[Data shown — start]

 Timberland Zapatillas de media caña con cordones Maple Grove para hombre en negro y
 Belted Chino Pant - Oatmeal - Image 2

[Data shown — finish]
[Data shown — start]

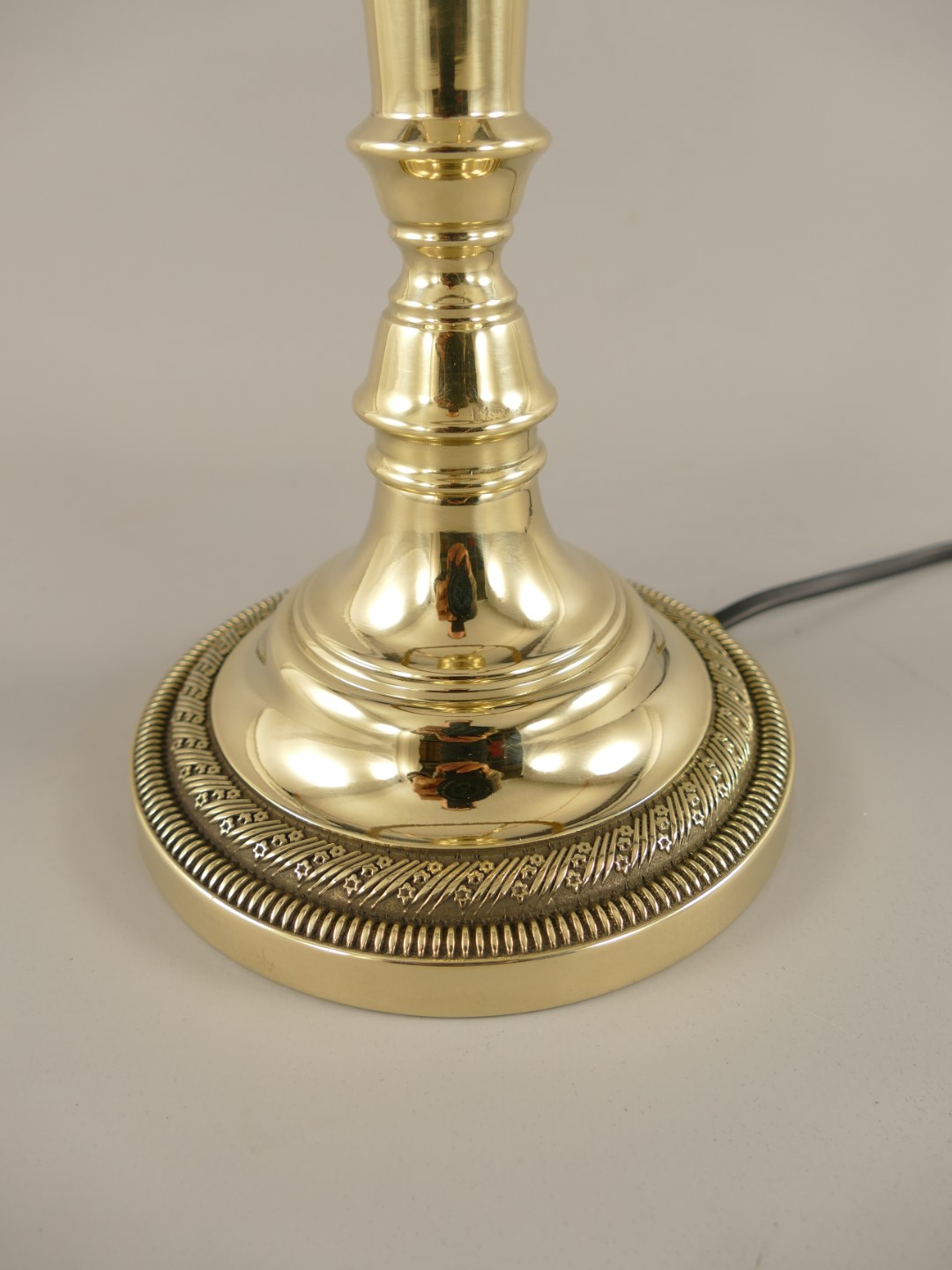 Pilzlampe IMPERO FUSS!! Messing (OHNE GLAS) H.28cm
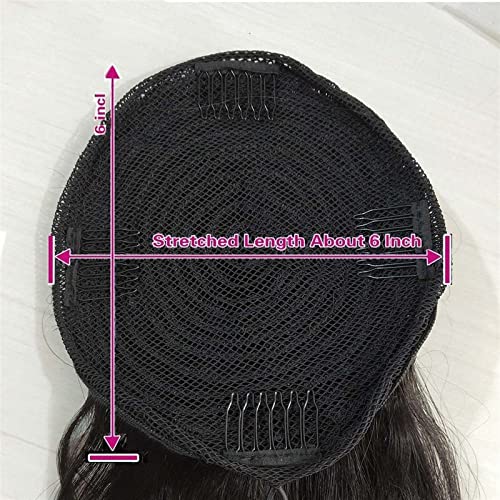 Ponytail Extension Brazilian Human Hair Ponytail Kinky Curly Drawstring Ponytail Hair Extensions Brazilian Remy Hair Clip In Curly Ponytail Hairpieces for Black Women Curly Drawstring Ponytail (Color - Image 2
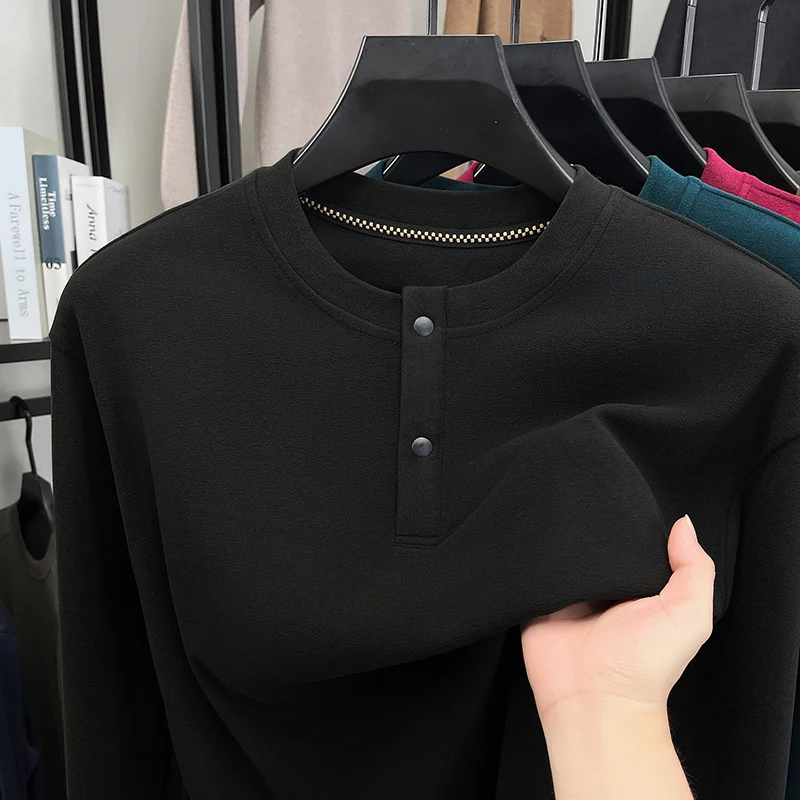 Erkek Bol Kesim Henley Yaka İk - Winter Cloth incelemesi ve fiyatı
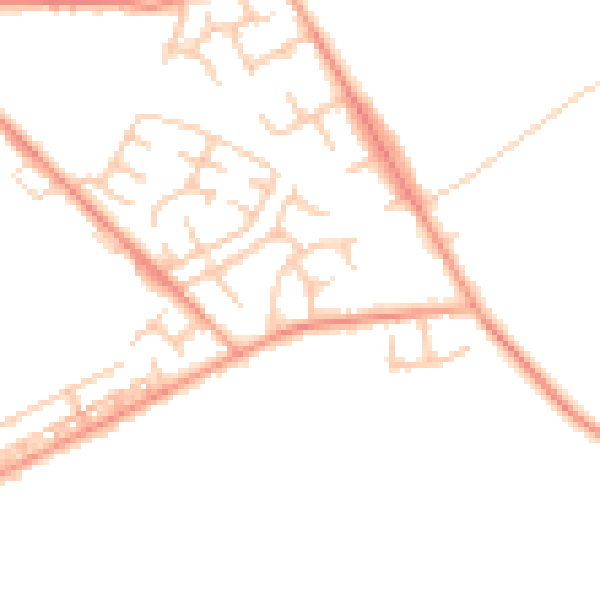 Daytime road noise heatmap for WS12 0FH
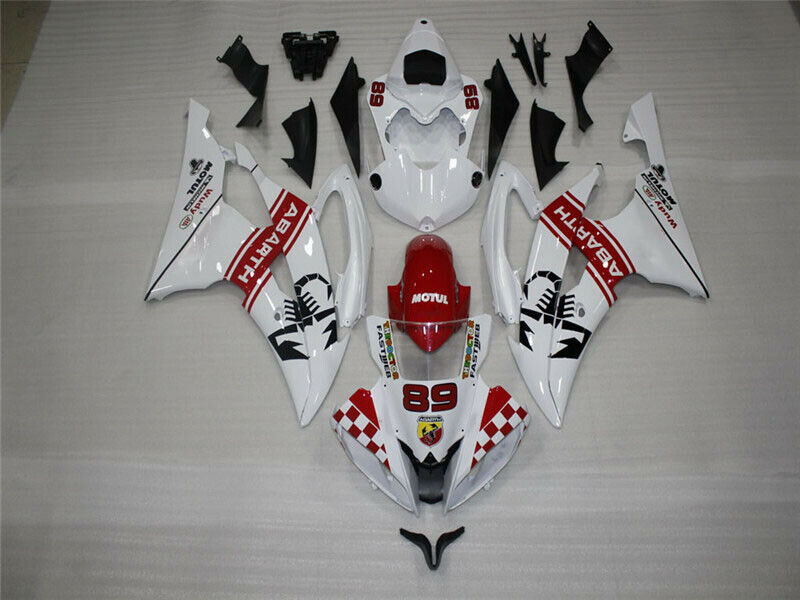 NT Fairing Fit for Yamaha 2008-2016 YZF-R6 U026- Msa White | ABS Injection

[Data shown — finish]

Look back at the entries above. Retype the line with "Timberland Zapatillas de", the line with "Belted Chino Pant - Oatmeal - Image 2", and all lines in between.

 Timberland Zapatillas de media caña con cordones Maple Grove para hombre en negro y
 Belted Chino Pant - Oatmeal - Image 2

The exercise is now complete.